For Alexander, it took time to be away from the team to truly understand the meaning behind the name Redskins. Now, more than ever before, he understands why the name may need to be a thing of the past.

"I think once you kind of step away from it and kind of analyze what the word means and the progression of it – because it wasn't always a derogatory name, but at some point, it got attached to killing of Native Americans," Alexander said. "There's obviously a group in the Native American community that feels that it is derogatory, and they've always shown up and always protested, even while I was there, as far as getting the name changed."

With the social justice movement and fight for racial equality in America in full effect following the killing of George Floyd, Alexander believes that it would have been "hypocritical" for him not to advocate for a name change.

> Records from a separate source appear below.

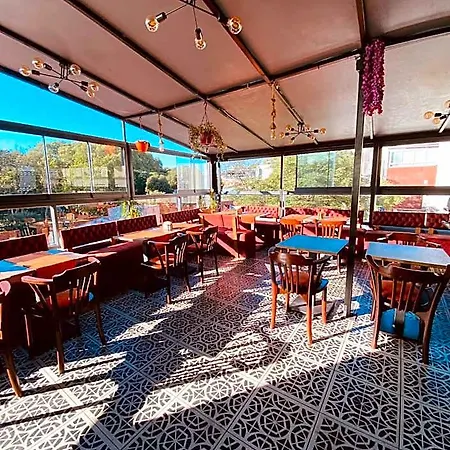 Szálloda Ottoman Luxury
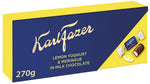 Karl Fazer Lemon & Meringue Yoghurt 270g, 6-Pack - Scandinavian Goods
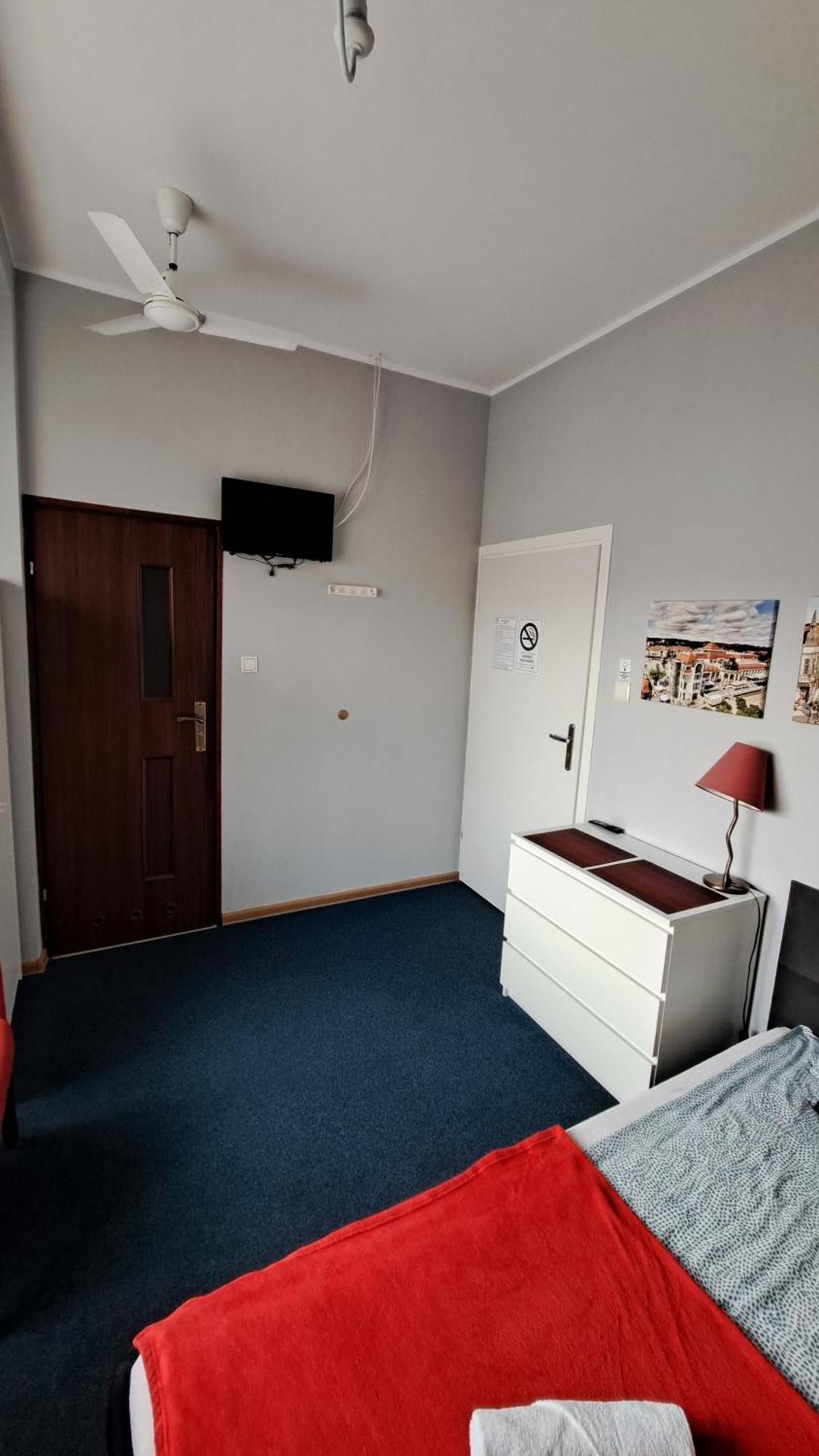 Villa 20 Sopot Habitación foto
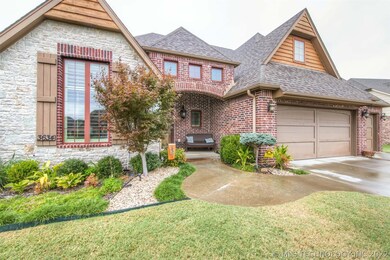 3634 S Fir Ct, Broken Arrow, OK 74011 - photo 3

"I think we can no longer kind of stand behind ignorance or the fact that it doesn't really impact me," Alexander said. "So as a black man in the community, [it] would be very hypocritical for me to say, 'No, I love the name! It doesn't impact me!' when my community is kind of in an uproar right now speaking out on the same thing to the white community as far as some of the things that we see and how our lives are impacted."

RELATED: NEW REDSKINS NAME WILL NOT CONTAIN NATIVE AMERICAN IMAGERY, PER REPORT

During the interview, Alexander repeatedly emphasized how important it is for people with a powerful voice to speak up about societal issues, as that is one of the best ways to create a meaningful change.

Alexander commended FedEx being the first Redskins' sponsor to publicly call for a change, even with the company having such a lucrative partnership with the team. Additionally, Alexander mentioned that he doesn't think the movement to change the name would be so strong had the company not publicly raised concern about it.

"Some are bigger than others and that's why it takes all of us to create change because if FedEx didn't jump on board, this probably wouldn't have got done," Alexander said. "And so by them including themselves in the conversation and for change, it allowed for change to occur, and that's why I think everybody's responsible for the direction of our country as we move forward."